Click to See Complete Forum and Search --> : Word replacement in a large group of files


Fryguy8
01-07-2005, 01:29 AM
Say i've got a LARGE amount of files in a directory structure, and I want to replace every instance of the word "hello" with "goodbye". What's the easiest way to do this?

DrChuck
01-07-2005, 08:25 AM
For each text file, I would suggest a "sed" filter to do the replacement. To decend through a directory tree, you could wrap a bash script around this, using pushd and popd to move thru the subdirectories. Here is an example from my collection:
BEGIN CODE
---------------------------
#!/bin/bash
down_1_level ()
{
# this function is called recursively to decend through a directory tree
list=( `ls` ) # note - `ls` does not handle spaces in file names
for name in ${list[@]}; do
if [ -d $name ]; then #test for directories
pushd $name &> /dev/null # push $PWD to the stack, and enter directory $name
echo "push "$PWD
down_1_level # repeat on the current directory
popd &> /dev/null # pop the previous directory off the stack
echo "pop "$PWD
elif [ -f $name ]; then # test for regular files
echo "file "$name
# sed filter goes here
else
echo "D_OH!"
fi
done
}
down_1_level
exit
---------------------------
END CODE

Hope this helps,

Fryguy8
01-07-2005, 12:47 PM
would something like


grep -ril [keyword] * | xargs <sed command>


work?

ph34r
01-07-2005, 01:14 PM
for i in `ls -1`
do
cat $i | sed s/hello/goodbye/g > $i-fixed
done

bwkaz
01-07-2005, 08:19 PM
Originally posted by ph34r
for i in `ls -1` As long as no filenames have spaces in them... Come to think of it, I believe xargs will also break if filenames have spaces (but if not, then it will break if they have newlines, which are also valid characters in filenames).

Try this instead:

find . -type f -exec sed -i.bak s/hello/goodbye/g {} \;

Handles spaces in filenames with ease. ;) You have to have GNU sed 4.0 or higher for the -i.bak part to work, though. (It does in-place substitution, after copying the original file to <filename>.bak as a backup.) If you have GNU sed 3.x, or non-GNU sed, then you'll have to do some magic escaping for the sed command to redirect its output, but it is possible.

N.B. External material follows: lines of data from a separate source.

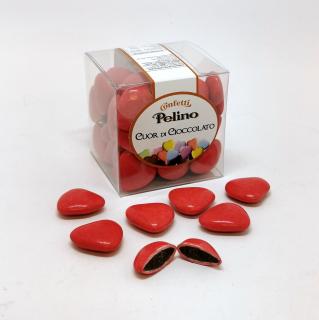 Čokoládová srdíčka červená Balení: 150 g v průhledné krabičce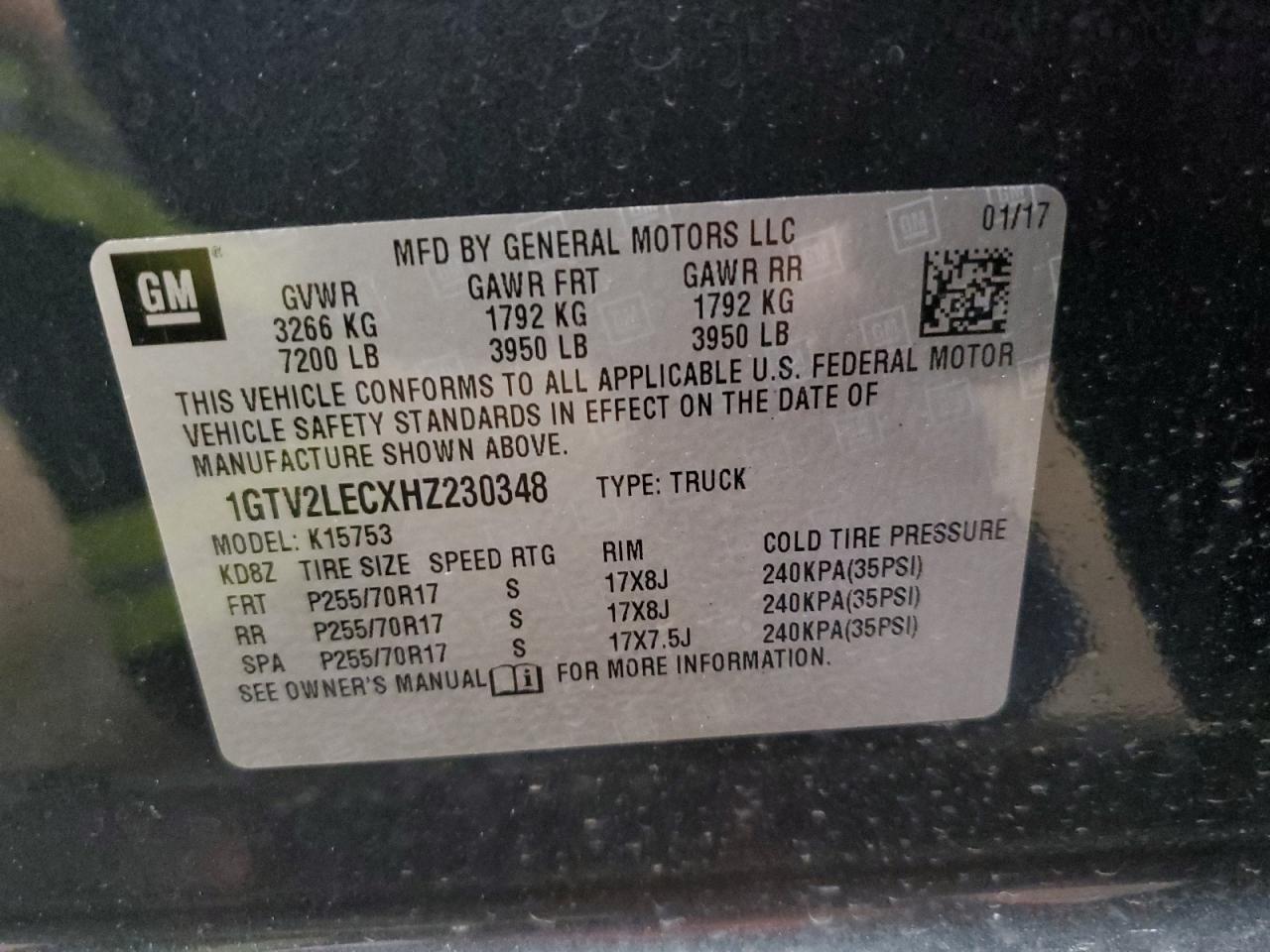 2017 GMC Sierra K1500 VIN: 1GTV2LECXHZ230348 Lot: 83798835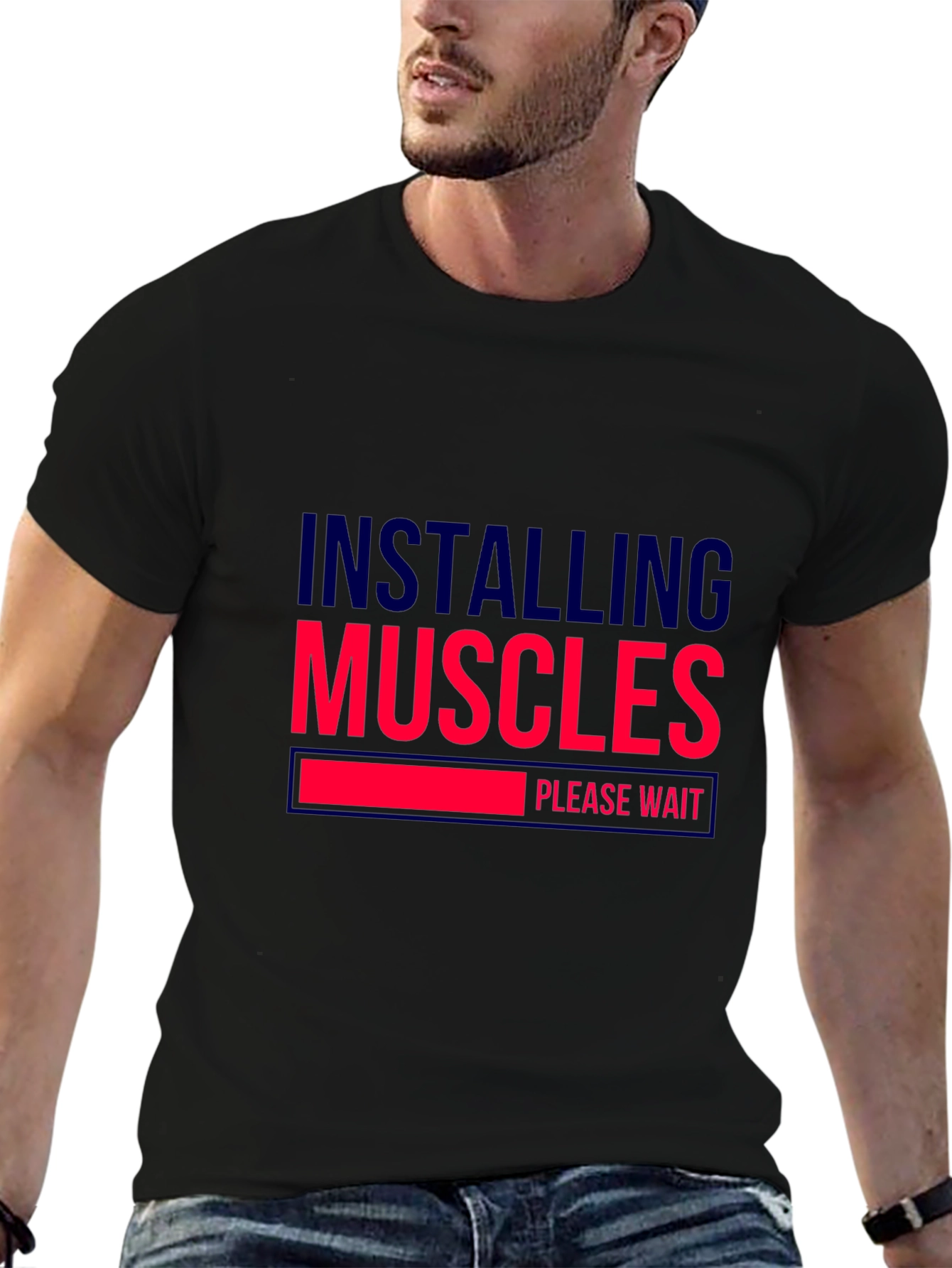 Installing Muscles Black Graphic Tee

find is also recursive by default, so no messy huge bash scripts. :p

pickarooney
01-08-2005, 07:37 AM
Originally posted by ph34r
for i in `ls -1`
do
cat $i | sed s/hello/goodbye/g > $i-fixed
done

ls -1|while read i
do
cat "$i" | sed s/hello/goodbye/g > "$i"-fixed
done

should avoid problems with spaces

bwkaz
01-08-2005, 10:53 AM
Originally posted by pickarooney
should avoid problems with spaces But not newlines, which are legal in filenames also.

EVERYTHING except forward slash (/) and the byte with value 0 is legal in a filename.

pickarooney
01-10-2005, 03:41 PM
Just out of curiosity, how would a filename with a newline display when you list its parent directory or look at in in konqueror?

bwkaz
01-10-2005, 08:13 PM
Like this:

$ touch 'test
> file'
$ ls
test?file which won't work in your loop. But it also depends on the options you give to ls, and your version of that utility. It has a -q option, which the manpage says is "allowed to be the default option when outputting to a terminal" in POSIX mode (but is always the default in GNU ls). Of course, when piping the output into a loop, it's not outputting to a terminal, so that may not be the default (I think that it is, however). There is also a -b option (with a few GNU long option equivalents), which tells it to output non-graphic characters as escapes. That does this:

$ ls -b
test\nfile (which still won't work in the loop). There is also a -Q option, which does this:

$ ls -Q
"test\nfile" which also won't work (the \n can't be in there, it has to be an actual newline). There is also a --quoting-style long option, which when set to "shell" or "shell-always" sounds like it might work, except:

$ ls --quoting-style=shell
'test?file'
$ ls --quoting-style=shell-always
'test?file' so nope.

In short: None of these options work. You need to either use find, or use a loop constructed like:

for file in * ; do
# stuff...
done if you don't want it to be recursive.